Your Alexa Dashboards Settings

Manage an HTTP/2 Connection with AVS

The Alexa Voice Service (AVS) exposes an HTTP/2 endpoint and supports cloud-initiated directives, which allow you to access Alexa’s built-in capabilities, such as timers and alarms, media transport controls, voice-controlled volume adjustment, and Amazon Alexa app integration. This page provides instructions for creating and maintaining an HTTP/2 connection with AVS.

Key Terms and Concepts

  • Frame: The basic protocol unit in HTTP/2; each frame serves a different purpose, for example HEADERS and DATA frames form the basis of HTTP requests and responses.
  • Stream: An independent, bidirectional sequence of frames exchanged between a client and server within an HTTP/2 connection. For detailed information, see Streams and Multiplexing in RFC 7540.
  • Interfaces: AVS exposes interfaces (SpeechRecognizer, AudioPlayer, SynchronizeState, etc.) that provide your product access to Alexa’s built-in skills.
  • Downchannel: A stream you create in your HTTP/2 connection, which is used to deliver directives from the cloud to your client. The downchannel remains open in a half-closed state from the device and open from AVS for the life of the connection. The downchannel is primarily used to send cloud-initiated directives and audio attachments to your client.
  • Cloud-initiated Directives: Directives sent from the cloud to your client. For example, when a user adjusts device volume from the Amazon Alexa App, a directive is sent to your product without a corresponding voice request.

Prerequisites

Before creating an HTTP/2 connection with AVS, you’ll need to:

  • Obtain an Access Token

    To access AVS, your product needs to obtain a Login with Amazon (LWA) access token, which grants your product access to the API on a customer’s behalf. There are two methods used to obtain an access token for use with AVS.

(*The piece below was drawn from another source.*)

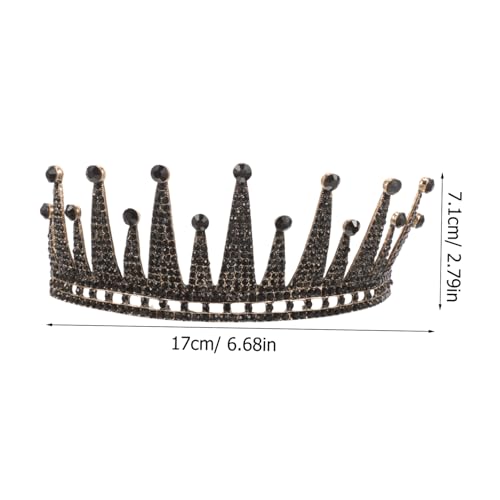 WEKADRIN Schwarze Barock Brautkrone aus Langlebiger Legierung Tiara Stilvoller Haarschmuck für Hochzeit Abschlussball Halloween Party und Festliche Anlässe Geeignet für Braut und Damen von WEKADRIN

    Remote Authorization is used to authorize devices using a companion website or mobile app.

    Local Authorization is used to authorize Alexa directly from an AVS-enabled product.

    The LWA access token you obtain must be sent to AVS in the header of each event. If authentication fails for any reason the connection with AVS is closed.

    The following is a sample header. In addition to your access token, a boundary term is required in the header of each event sent to AVS.

    :method = POST  
    :scheme = https  
    :path = /{{API version}}/events
    authorization = Bearer {{YOUR_ACCESS_TOKEN}}
    content-type = multipart/form-data;  boundary={{BOUNDARY_TERM_HERE}}
    
  • Choose an HTTP/2 Client Library

    The following HTTP/2 client libraries are recommended for use with AVS:

    Language Library
    C / C++ nghttp2
    C / C++ curl and libcurl
    Java OkHttp
    Java Netty
    Java Jetty

    For a complete list of implementations, see GitHub.

Base URL

Region Supported Countries URL
Asia Japan https://avs-alexa-fe.amazon.com
Europe Austria, Germany, India, UK https://avs-alexa-eu.amazon.com
North America Canada, US https://avs-alexa-na.amazon.com

Creating an HTTP/2 Connection

When your product is powered on it should create a single HTTP2 connection with AVS. This connection is used to handle all directives and events, including anything that is sent to your client on the downchannel stream. For additional details regarding connection management, see server-initiated disconnects below.

Maintaining a connection with AVS requires two things:

  1. To establish a downchannel stream your client must make a GET request to /{{API version}}/directives within 10 seconds of opening the connection with AVS. The request should look like this:

    :method = GET  
    :scheme = https  
    :path = /{{API version}}/directives
    authorization = Bearer {{YOUR_ACCESS_TOKEN}}   
    

    Following a successful request, the downchannel stream will remain open in a half-closed state from the client and open from AVS for the life of the connection. It is not uncommon for there to be long pauses between cloud-initiated directives.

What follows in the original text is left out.